The wagons arrived. The guards helped the woman into one of them, while several others loaded the unconscious Das into the second one.
“What is going to happen to him now?” I asked the leader.
“It’s up to the judge to decide.” She shrugged.
The guard, whom I’d stopped from shooting Das, shook her head.
“You should’ve just let me kill him,” she said. “It would’ve been faster for him that way.”
Chapter 12
Ari
Would this day ever end?
I wished for and dreaded the approach of the night.
A royal wedding never was a simple affair. But this one had been organized in a record time simply because no one wished to wait any longer for the crown princess to marry and finally start working on providing the queendom with an heiress.
Almost two weeks of intense preparations had been tiring enough, but the day of the wedding seemed to stretch beyond physical possibilities.
After the ceremony, came the dinner that required thousands of tables placed in several rooms with all doors throughout the main floor of the palace wide open.

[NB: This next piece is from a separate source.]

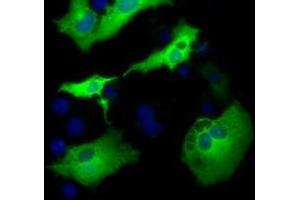 Anti-AK5 mouse monoclonal antibody (ABIN2452722) immunofluorescent staining of COS7 cells transiently transfected by pCMV6-ENTRY AK5 (RC222241). (Adenylate Kinase 5 抗体)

The ball came next. Thankfully, after the mandatory first dance with my new husband, I didn’t need to get back on the dance floor. However, that meant I had to talk incessantly to every guest and courtier who came up to congratulate the prince and me on our nuptials.
A couple of hours after midnight, I caught Leafar hiding a yawn behind his handkerchief.
“Tired?” I asked, feeling exhausted myself.
He gave me an apologetic smile. “I didn’t sleep well last night.”